BACKGROUND OF THE INVENTION

The manufacture and use of polyethylene storage and disposal bags is well known in the art. One of the bothersome problems with the use of plain rectangularity shaped storage bags is the inconvenience involved in trying to tie the bag closed. Several brands use separate metal wire ties, which are packaged along with the bags. As a separate item, these metal wire ties can be unwieldy to use and often become lost.

A convenient user feature of the polyethylene bags of this invention are its tie features, which are integral with the body of the bag. These tie features comprise a curved, cut-out portion of the bag web. As built-in features, the ties can be grasped and knotted to seal the bag; hence, they are referred to in the trade as “tie bags”. Representatives of such “tie bags” are those illustrated in U.S. Pat. Nos. 4,890,736, 5,041,317, 5,246,110, 5,683,340, 5,611,627 and 5,709,641, incorporated herein by reference thereto, which are characterized as having 2, 3 or 4 tie features.

These tie bags are characterized by having tie features that extend above the bag volume portion that is used for holding the bag contents. The tie features are used as closure means by tying the mouth of the bag closed after the contents of the bag have been placed in the bag.

It has been determined that the ease of tying and the strength of the joined tie features can be improved by making the plastic film thickness greater in the tie features as compared to the film thickness used for holding the contents portion of the bag.

The instant invention relates to a tie bag comprising two opposing sidewalls sealed along three of the four edges and having at least two tie features extending from said open edge of the sidewalls and characterized as being suitable for tying.
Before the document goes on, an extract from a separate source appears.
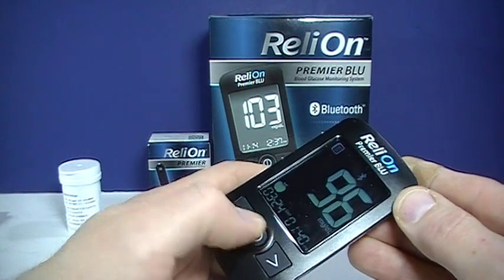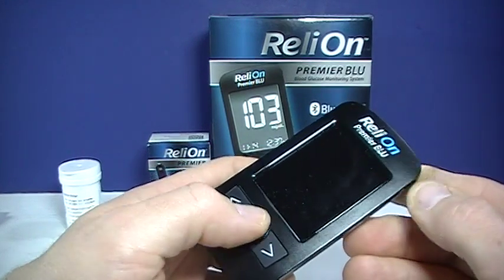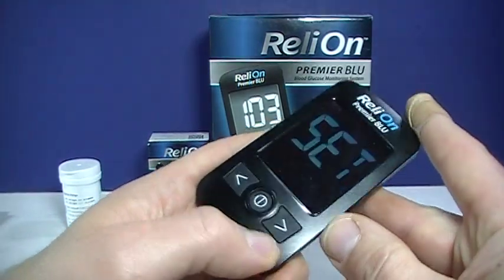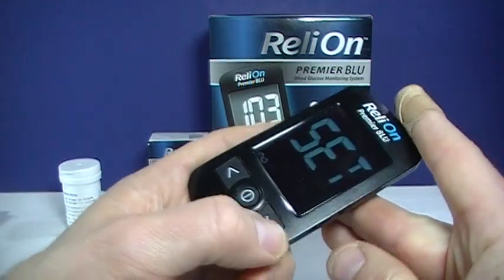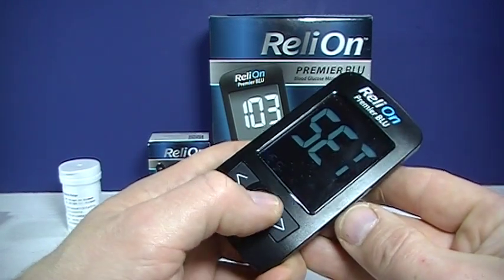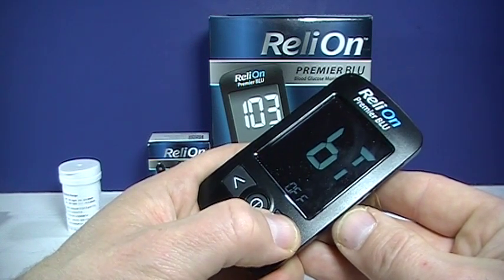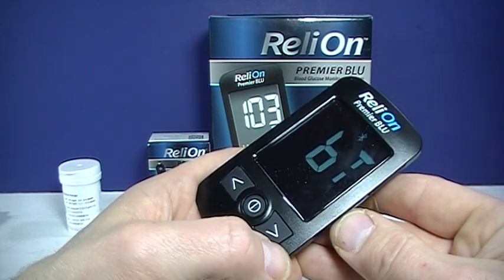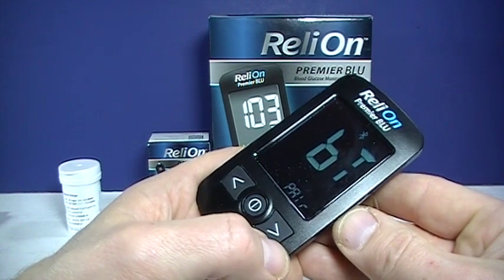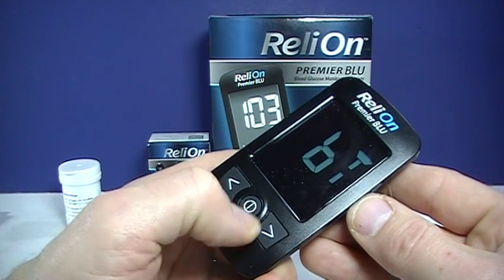Another important option when using this meter is setting the time. You want to hold the power button down until it's saying set. At this point, it's prompting no, and we will want to push the arrow button. Now it says yes — we want to set that meter up. The first one would be for Bluetooth. You can turn it off, on, or you can do your initial pairing with the app. We'll just leave it off and go on to the next.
The tie features are characterized as having a thickness greater than the thickness of the sidewalls of the bags. The relative thickness of the tie features will be discussed hereinafter.

SUMMARY OF THE INVENTION

In accordance with the present invention, there are provided a bag formed from two opposing side walls having four edges and sealed along three of the four edges and having at least two tie features extending from said fourth unsealed open edge of the side wall. The tie features are characterized as being suitable for tying and having a thickness greater than the thickness of the sidewalls. These tie features can comprise curved or other geometrically shaped portions of the bag film. The tie features can be grasped and knotted to seal the bag; hence, they are referred to in the trade as “tie bags”. Representative tie bags which may be improved by using thickened tie features include, but are not limited to those disclosed in U.S. Pat. Nos. 4,890,736, 5,041,317, 5,246,110, 5,683,340, 5,611,627 and 5,709,641, said patents being incorporated herein by reference thereto.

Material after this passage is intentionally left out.